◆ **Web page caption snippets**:
☆ ☆ ☆ ☆ ☆ ☆ ☆

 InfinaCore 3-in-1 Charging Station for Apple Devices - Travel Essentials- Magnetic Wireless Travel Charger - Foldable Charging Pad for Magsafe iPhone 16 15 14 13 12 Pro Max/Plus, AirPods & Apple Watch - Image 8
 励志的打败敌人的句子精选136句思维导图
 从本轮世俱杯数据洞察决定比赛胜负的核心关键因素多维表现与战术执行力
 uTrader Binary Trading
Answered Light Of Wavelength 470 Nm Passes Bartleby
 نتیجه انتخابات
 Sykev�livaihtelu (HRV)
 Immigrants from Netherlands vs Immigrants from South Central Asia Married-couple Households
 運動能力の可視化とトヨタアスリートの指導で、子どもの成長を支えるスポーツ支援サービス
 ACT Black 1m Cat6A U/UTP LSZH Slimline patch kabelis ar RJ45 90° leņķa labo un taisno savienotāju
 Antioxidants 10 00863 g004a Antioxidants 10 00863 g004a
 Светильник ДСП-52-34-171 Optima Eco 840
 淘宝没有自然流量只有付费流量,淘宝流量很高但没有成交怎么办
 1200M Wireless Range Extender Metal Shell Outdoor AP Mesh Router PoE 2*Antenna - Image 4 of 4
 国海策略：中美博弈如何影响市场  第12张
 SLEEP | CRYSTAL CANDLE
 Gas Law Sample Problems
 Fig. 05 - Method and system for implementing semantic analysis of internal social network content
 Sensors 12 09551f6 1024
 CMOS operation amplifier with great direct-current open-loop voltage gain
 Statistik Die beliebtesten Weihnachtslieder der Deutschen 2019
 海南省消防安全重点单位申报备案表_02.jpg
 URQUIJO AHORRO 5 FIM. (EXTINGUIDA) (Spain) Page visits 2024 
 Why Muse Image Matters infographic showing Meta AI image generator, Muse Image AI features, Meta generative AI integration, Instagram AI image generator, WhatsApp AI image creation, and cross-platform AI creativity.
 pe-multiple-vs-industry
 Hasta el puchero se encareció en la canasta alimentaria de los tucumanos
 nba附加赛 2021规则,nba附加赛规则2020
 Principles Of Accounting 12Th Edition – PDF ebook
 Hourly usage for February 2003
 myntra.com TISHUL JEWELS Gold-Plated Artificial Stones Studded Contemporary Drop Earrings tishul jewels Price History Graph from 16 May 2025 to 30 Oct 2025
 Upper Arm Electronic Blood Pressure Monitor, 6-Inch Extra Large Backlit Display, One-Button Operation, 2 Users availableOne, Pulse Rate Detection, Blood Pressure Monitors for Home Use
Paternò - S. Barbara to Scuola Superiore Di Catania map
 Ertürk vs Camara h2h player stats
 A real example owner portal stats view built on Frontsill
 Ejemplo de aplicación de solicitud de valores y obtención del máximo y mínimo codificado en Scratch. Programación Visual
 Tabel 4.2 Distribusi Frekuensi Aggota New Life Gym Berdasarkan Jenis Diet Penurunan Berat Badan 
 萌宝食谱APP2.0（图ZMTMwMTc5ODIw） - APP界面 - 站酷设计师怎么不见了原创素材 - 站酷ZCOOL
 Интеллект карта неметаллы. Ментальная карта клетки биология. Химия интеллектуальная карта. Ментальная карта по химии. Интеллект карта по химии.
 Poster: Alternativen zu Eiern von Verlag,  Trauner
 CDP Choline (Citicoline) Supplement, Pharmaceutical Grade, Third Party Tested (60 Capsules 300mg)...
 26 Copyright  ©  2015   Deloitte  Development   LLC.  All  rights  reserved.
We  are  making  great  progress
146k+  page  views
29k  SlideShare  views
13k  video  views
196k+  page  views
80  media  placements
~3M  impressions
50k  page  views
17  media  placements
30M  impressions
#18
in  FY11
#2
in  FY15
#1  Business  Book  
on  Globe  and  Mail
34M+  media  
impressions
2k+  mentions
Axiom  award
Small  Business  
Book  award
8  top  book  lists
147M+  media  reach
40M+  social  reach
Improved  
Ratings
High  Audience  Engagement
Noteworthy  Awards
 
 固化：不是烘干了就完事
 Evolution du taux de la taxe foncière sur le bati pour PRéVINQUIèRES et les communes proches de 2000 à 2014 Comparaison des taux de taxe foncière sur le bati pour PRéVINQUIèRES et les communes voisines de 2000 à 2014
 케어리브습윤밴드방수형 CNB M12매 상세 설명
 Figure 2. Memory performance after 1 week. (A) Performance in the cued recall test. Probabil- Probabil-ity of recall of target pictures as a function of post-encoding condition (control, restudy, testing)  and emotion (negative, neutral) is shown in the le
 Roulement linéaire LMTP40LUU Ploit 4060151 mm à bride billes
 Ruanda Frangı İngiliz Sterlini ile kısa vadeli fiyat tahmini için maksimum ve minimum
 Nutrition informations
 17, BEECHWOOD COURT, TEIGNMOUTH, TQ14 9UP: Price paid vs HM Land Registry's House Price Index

☆ ☆ ☆ ☆ ☆ ☆ ☆

◆ **Assigned task**:
Taking the records above as input, show every line in which the word "from" is present.

◆ **Written answer**:
 Immigrants from Netherlands vs Immigrants from South Central Asia Married-couple Households
 myntra.com TISHUL JEWELS Gold-Plated Artificial Stones Studded Contemporary Drop Earrings tishul jewels Price History Graph from 16 May 2025 to 30 Oct 2025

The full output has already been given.